Unfortunately, real-world situations often deviate from this ideal, as parties may grow wary of shouldering the substantial upfront costs to ensure the continuity of proceedings, making them more susceptible to wavering in their commitment to arbitrate, even when they have the means to seek necessary redress and protect their financial interests. This is because, although Rules 14(3) and 14(7) provide the non-defaulting party with the option to 'remedy' the defaulting party’s breach, the exercise of this option is discretionary and lies within the non-defaulting party's discretion.
This poses a unique challenge, as the non-defaulting party's decision not to cover the deposit obligations of the defaulting party could potentially set the parties on an endless loop. This is because, even if arbitration proceedings come to a halt due to the parties' inability to make required deposit payments, the presence of a valid arbitration agreement prevents the same claim from being reintroduced in court. Notably, there are no restrictions preventing the re-initiation of the same claim in arbitration. In light of this scenario, the non-defaulting party may assert that the agreement has become inoperative since the parties are unable to progress beyond the payment obligation stage.
However, deeming the agreement inoperative under such circumstances may be considered both premature and perverse, given that the agreement can and will remain operative as long as the required upfront costs are paid. While acknowledging that the breach of the payment obligation may be caused by the defaulting party, applying the appropriate test, as laid down in the case of BDMS[4], involves questioning whether the defaulting party's breach substantially undermined the arbitration agreement to the extent that it significantly deprived the non-defaulting party of the entire benefit of the agreement. If the answer is yes, it is safe to assume that the agreement has become inoperative.
However, using the aforementioned Arbitration Rules as an example, it is challenging to perceive how the non-defaulting party could have experienced such deprivation as a result of the defaulting party’s breach, given that they had the means, as outlined in Rules 14(3) and 14(7), to front the necessary deposits to sustain the continuity and progression of proceedings under the governing rules. Moreover, any concerns about frontloading these deposits and its subsequent recovery, can be addressed through necessary redress, as provided for under the Arbitration Act. It is worth reiterating that this is, of course, a theoretical assessment not tied to any specific facts.
There’s of course a flip side argument to this view; one could argue that such a principle may incentivize parties to neglect their payment obligations, exploiting the goodwill of the paying party and potentially causing the latter to finance the entire arbitration process.
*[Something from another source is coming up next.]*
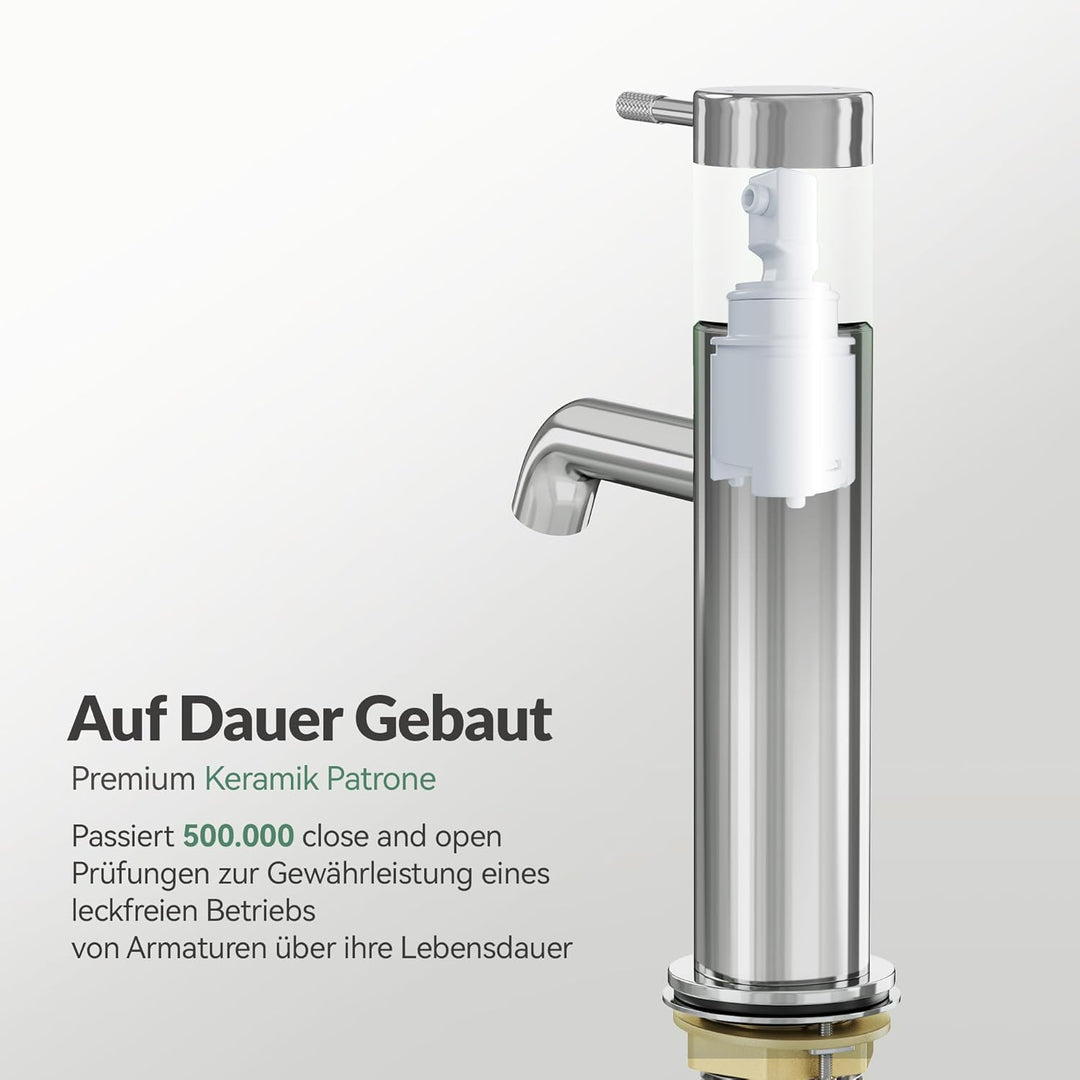 ALPHA HOME Wasserhahn Bad, Waschtischarmatur mit Anschlussschlauch Waschbecken Armaturen Chrom Matt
More disconcertingly, this principle may also be manipulated by a party that, while purporting to demonstrate commitment to arbitration, strategically breaches payment obligations, exploiting Rules 14(3) and 14(7) to its advantage.
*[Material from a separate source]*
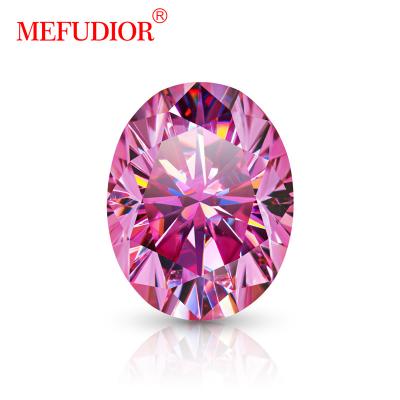 China D cut hot sale oval color fire pink color play or lab created moissanite stone for jewelry accessories making for sale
A potential solution to curb this abuse may be found within Rule 14(8) of the Arbitration Rules, which could offer mechanisms to address and prevent the strategic manipulation of payment obligations in arbitration proceedings.
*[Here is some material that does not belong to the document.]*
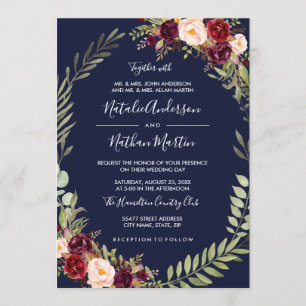 Convite Coroa Floral Aquarela Burgundy Navy Casamento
Rule 14(8) grants the Director explicit authority and discretion to determine the allocation of deposits that each party must contribute, aligning with the provisions of section 44(1)(a)(i) of the Arbitration Act. Therefore, even if a party declines to fulfil its fee obligation, the Director retains the power to mandate payment on that specific party; otherwise, the agreement may be terminated. In such a scenario, where a specific obligation is established under the rules for a defaulting party to meet its payment obligation, and it persists in non-compliance, could the agreement be considered inoperative?
In theory, it should be considered so.
The defaulting party's persistent refusal to pay, despite the clear and express obligation created under the rules, signifies a waiver of its right to arbitrate the matter. Consequently, the party cannot argue that its failure to pay has not rendered the arbitration agreement inoperative, as all mechanisms to sustain the arbitration as per the rules have been exhausted. This determination, of course, would depend on the institutional rules in place and whether they include necessary safeguards, such as Rule 14(8), for mandatory payment obligations.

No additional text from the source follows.